Para Moisés, os partidos políticos se distanciaram da sociedade civil/ Marcos Santos – USP

De acordo com Moisés, o Brasil apresenta uma cultura política de pouca capacidade de mobilização. Em países europeus e nos EUA, a pressão dos eleitores sobre os partidos e o governo é muito maior. “Os partidos políticos no Brasil se distanciaram muito da sociedade civil, estão cada vez mais preocupados exclusivamente em alcançar o poder e mantê-lo. Cabe à sociedade civil e aos eleitores reverter essa tendência e de alguma maneira condicionar os interesses dos partidos às suas exigências, e para que isso ocorra é preciso mais participação popular”, ressalta.

Essa pressão poderia ocorrer tanto em forma de manifestações, como as de junho de 2013 contra o aumento das passagens, encabeçadas pelo Movimento Passe Livre, como também por meio da comunicação direta dos eleitores com seus representantes e partidos.Segundo o docente, há dois caminhos para superar culturas políticas que têm como característica a passividade ou a inatividade dos cidadãos. O primeiro caminho é a educação. O País apresenta um déficit educacional grave, por não formar jovens cidadãos conhecedores de seus direitos e capazes de formular alternativas para o futuro. O segundo é o exemplo de lideranças, aqueles que expressam por meio da sua vida e atuação comprometimento com o serviço público.

Sandra Codo-Divulgação USP

Renato Janine não vê reforma política como prioritária no país – Sandra Codo – USP

Embora muitos encarem a reforma política como necessária ao País, como Moisés e Beçak, outros se mostram mais céticos em relação a ela. Para o docente de Filosofia Política da FFLCH Renato Janine, a reforma do sistema político “não é a melhor coisa a ser feita”. “Nós temos outras prioridades além disso. A grande prioridade é o que as manifestações do ano passado mostraram: a questão principal hoje é ter serviço público de qualidade: saúde, educação, transporte e segurança. Isso é prioridade”, enxerga. Janine não se mostra contrário à reforma, mas duvida de sua concretização. O docente cita a dificuldade de se estabelecer consenso em relação ao tema. “Como a reforma política não tem consenso, são várias pessoas de partidos diferentes que defendem propostas diferentes; as chances de não sair nada é muito grande”, completa.

Com a dificuldade de existência de um debate do sistema político proposto pelo Legislativo, é importante que a sociedade civil reclame suas reivindicações. Não enxergando uma reforma tão imediata, Beçak acredita na importância de forçar essa discussão na pauta brasileira. “A discussão nunca é um problema, é uma solução, é sempre algo bom e que acrescenta”, explica. No entanto, avalia o Brasil como conservador culturalmente: “A grande maioria das pessoas no nosso país acha que uma discussão de qualquer coisa é um retrocesso”. Para ele, além dos sistemas políticos, é essencial que se discuta a forma da democracia em si, da forma como está posta, uma vez que é imprescindível debater as formas de representação na sociedade brasileira.

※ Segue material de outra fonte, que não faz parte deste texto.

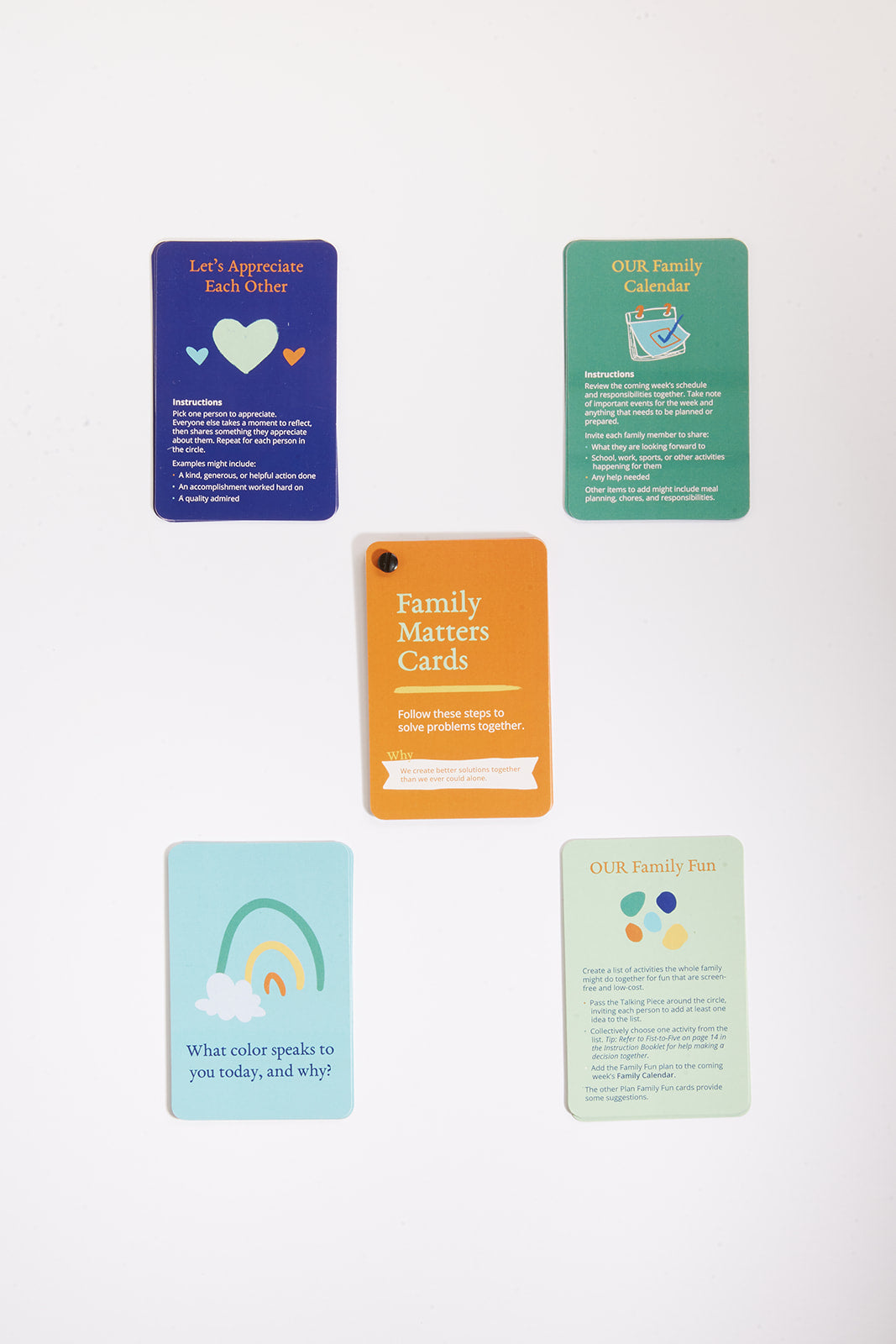 Circle In Family Meeting Toolkit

O tão citado caso das manifestações de junho, atrelado ao hit “o gigante acordou”, ainda se mostra como um parêntese na atual forma de reivindicação e mobilização da sociedade brasileira. No entanto, é um bom exemplo em que a sociedade civil pode se debruçar. De fato, a insatisfação popular está posta, falta a sociedade também assumir responsabilidade por uma mudança.